Eine Folge der Disneyserie „Die Dinos“ hatte mal eine ähnliche Handlung, war aber satirisch überspitzt und mit deutlichem Augenzwinkern. „Free Rainer“ hingegen tritt mit religiösem Ernst und Scheuklappen tragendem Fanatismus auf.
Erstmal allgemein zum filmischen: Erzählerisch, wie in der Charakterzeichnung ist es eine Katastrophe. Eine gefühlte halbe Stunde kommt es vom Kurs seiner Medienerzählung ab und verstrickt sich vermeintlich lustigen Episoden ohne größere Handlungsbedeutung, jede seiner Figuren ist ein Pappkamerad mit einem klaren Zug, der sie gänzlich ausmacht (der Verschwörungsfreak, der Inder, der Jesustyp…), wobei sich die offizielle Frau des Films damit begnügen muss, weiblich zu sein und die Leute beim Sender allesamt böse, korrupte Schmierlappen sind, die von der Weltherrschaft träumen.

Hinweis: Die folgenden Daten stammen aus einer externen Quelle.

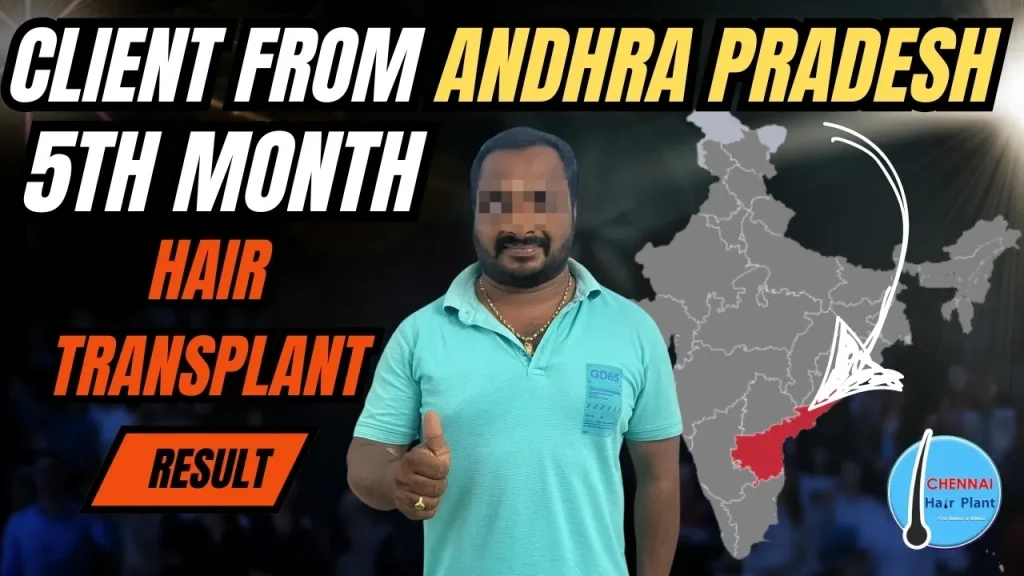 Client from Andhra Pradesh hair transplant result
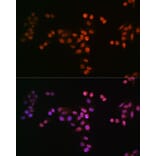 Immunofluorescence - Anti-Drosha Antibody [ARC0077] (A307542) - Antibodies.com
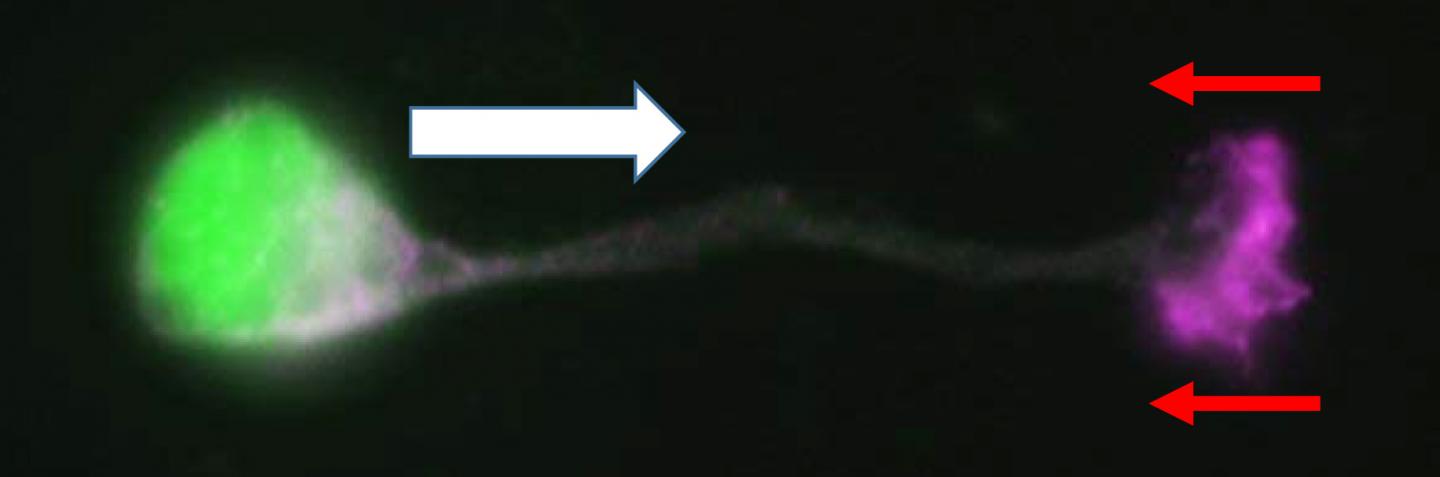 Image: At the Tip of the Neuronal Leading Process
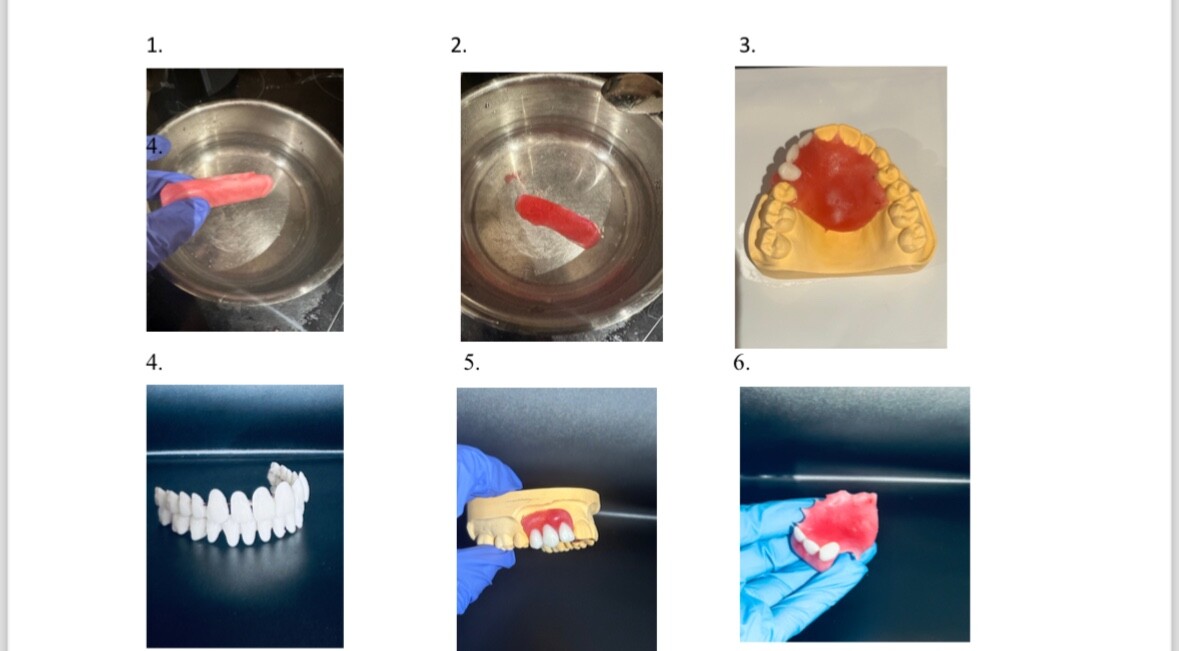 DIY Reparatur-Set Für Prothesen & Gebisse – Temporäres Reliner-Kit, Rosa, Aus Deutschland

Wie die Leute für den Kreuzzug Rainers bekehrt werden, überspringt der Film einfach. Erst kauft Rainer sie vor dem Arbeitsamt ein (offenbar ohne irgendwelche Qualifikationsmerkmale zu haben – etwa sollte man sich eigentlich bei einer komplexen und illegalen Aktion nicht unbedingt auf einen Alkoholiker verlassen), dann, als ihm das Geld ausgeht, machen sie trotzdem weiter. Selbst einen offenbar psychotischen Wachmann (okay – im Universum des Films scheint NIEMAND auf Qualifikation seines Personals zu achten) kann man, als er sie stellt, schnell überzeugen, dass er die Seite wechseln sollte. Dass seine Wohnung mit Material über die Illuminaten gepflastert ist, schreckt unsere Verschwörer auch nicht ab. Es fehlte irgendwie noch ein Verweis auf die Weisen von Zion, wo doch jeder Aluhelmträger weiß, dass eigentlich diese die Medien kontrollieren.

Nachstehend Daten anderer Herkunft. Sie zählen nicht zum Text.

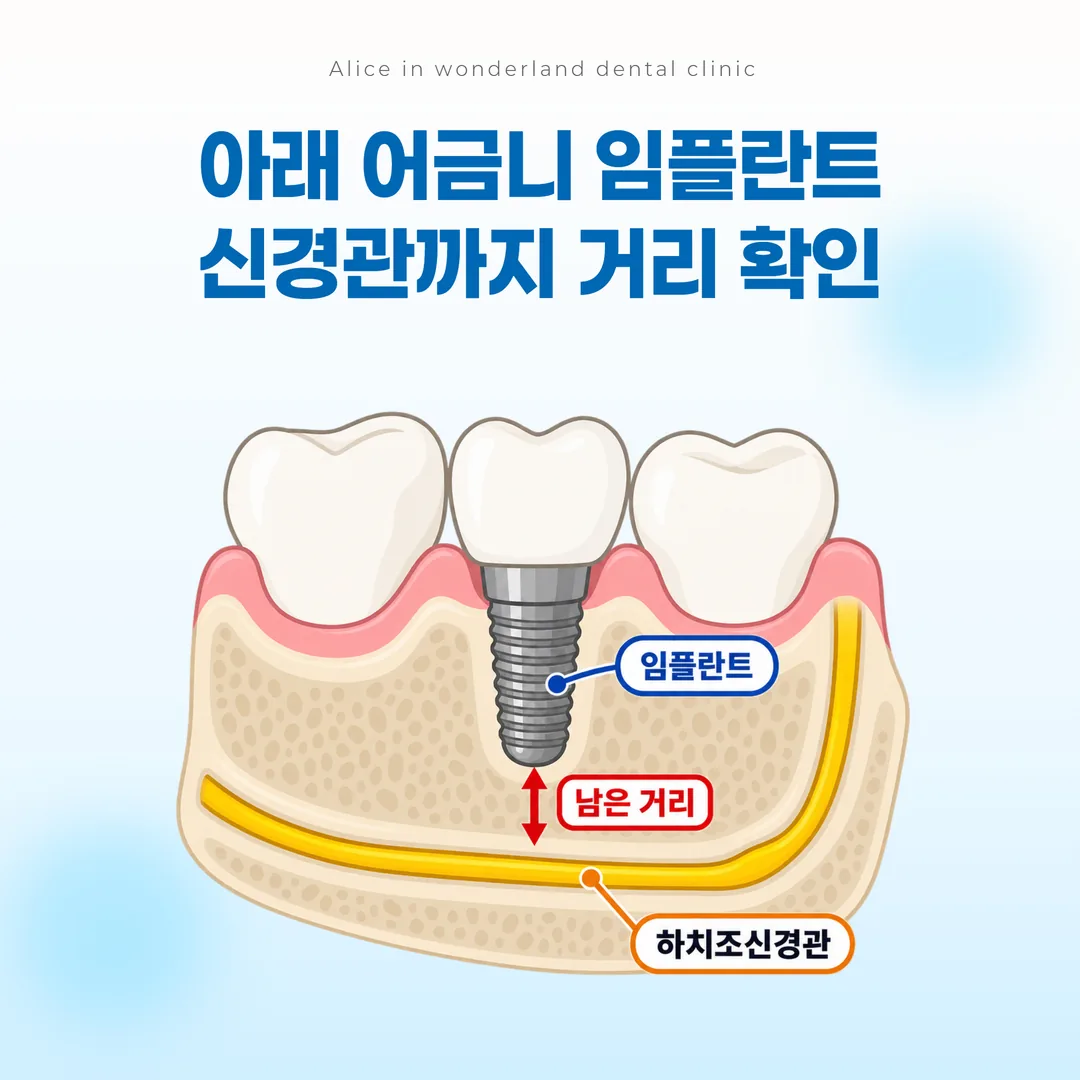 아래 어금니 자리에서 하치조신경관까지 남은 거리를 표시한 개념도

Die Deppertheit der Deppentruppe führt dann auch zu einem besonders schlimmen Kopfpatsch-Moment: Der Alki Bernd ist im Suff mit dem Wagen in eine Bushaltestelle gerast und müsste mit 50.000 Euro freigekauft werden – genau die Summe ist alles, was Rainer noch für seine Aktion hat, weshalb er es verweigert. Menschlich zutiefst enttäuscht wenden sich alle von ihm ab, bis er einsieht, dass er Bernd doch nicht „hängen lassen“ und die Konsequenzen seines eigenen Handelns tragen lassen kann und gibt das Geld doch her, womit er mit der Frau belohnt wird. Das Objekt weiß eben, wann sein Besitz verdient wird.
Ich persönlich hätte die Stelle noch besser gefunden, wenn er keine Haltestelle, sondern ein sechsjähriges Mädchen auf dem Schulweg überfahren hätte und Rainer seine Loyalität nicht durch Geld beweist, sondern dadurch, dass er die Zeuge gewordene kleine Schwester mundtot macht, aber man kann nicht alles haben.
Wie also im deutschen Film üblich, ist man von einer vollständig auf den unhinterfragbaren Protagonisten konzentrierten Selbstgerechtigkeit erfüllt.
Damit sind wir aber auch schon bei dem Hauptproblem, welches „Free Rainer“ von einem ärgerlich dummen Film zu einem durchweg verwerflichen Film macht: Die selbstherrliche, eigenblinde Fanatikermoral.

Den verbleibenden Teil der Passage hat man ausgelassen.